En réalité, le film l'était tout autant que les autres, dans la ligne qui consistait à porter sur la société du temps un regard neuf, et il allait même beaucoup plus loin que ceux de Menzel ou Passer découverts en même temps. Mais le recours à la forme codée du conte gentiment fantastique, l'aspect farcesque de la chronique avec sa sarabande de personnages comiques, l'apparatchik borné, l'instituteur amoureux, le tire-au-flanc obstiné, le concierge faux-jeton, les épisodes magiques et leur fantasmagorie enchantée, tout cela ne favorisait pas la prise au sérieux du film.
Pourtant, la mise en question des problèmes de la petite ville, l'autoritarisme stupide du représentant du pouvoir, l'hypocrisie et le suivisme de ses subordonnés, la mise à nu des comportements opérée dès que Mourek, le chat du titre, retirait ses lunettes magiques et donnait à chacun la couleur qu'il méritait - le jaune pour les traîtres, le bleu pour les menteurs, le rouge pour les amoureux -, rien n'était gratuit. Et le directeur d'école exigeant que l'on étudie les animaux empaillés plutôt qu'observer les vivants était bien représentatif d'une société bloquée. Le film commençe par "il était une fois" et s'achève, après la déroute des méchants, par "il faudrait qu'il soit une fois", pirouette prémonitoire en 1963.
Jasný ne trouva pas beaucoup plus d'ouverture avec sa Chronique morave, pourtant Prix de la mise en scène à Cannes 1969. Le regard posé sur la situation de la campagne et la manière dont avait été menée la collectivisation des terres, les illusions perdues et les espoirs trahis était-il trop perçant, aux yeux des sympathisants ?
Les critiques les plus rudes émanèrent des communistes fidèles ou de leurs compagnons de route occidentaux, à un moment où il convenait de croire encore au socialisme à visage humain.

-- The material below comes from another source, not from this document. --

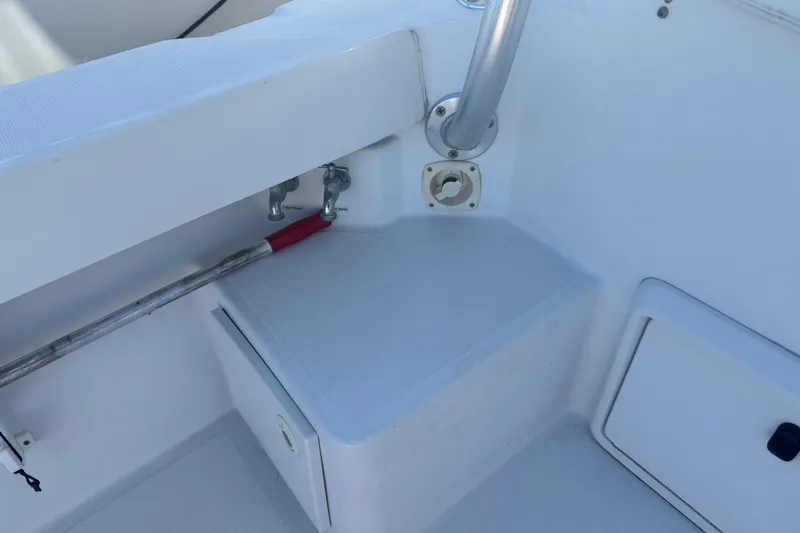 Slide: The Image of 2002 Luhrs 32 Open boat deck corner with storage and railing. - 12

En tout cas, l'après-1969 fut fatal à la carrière de Jasný – au moins sur le plan national, car, expatrié, il signa ensuite une trentaine d'œuvres, essentiellement pour la télévision allemande, dont rien ne nous est parvenu.
Après une tentative de travailler aux États-Unis, à la fin des années 80, il revint en Tchécoslovaquie, pour tourner, avec son ami Miloš Forman, un documentaire sur l'écrivain Vaclav Havel, ancien opposant devenu président de la République, filmé à Prague, hors de tout décorum, au milieu de ses amis, acteurs et poètes.
Malgré son intérêt, Why Havel ?, bien que présenté à Cannes en 1991, ne connut pas plus l'exploitation chez nous que les films précédents, ni d'ailleurs que les quelques suivants ; Jasný semble avoir cessé de tourner depuis 2002. Après le décès d'Otakar Vavra, mort centenaire durant l'été 2011, c'est le plus ancien cinéaste tchèque encore vivant. On ne peut que regretter qu'une filmographie aussi longue – plus de cinquante ans – ne se résume qu'à quelques titres mémorables.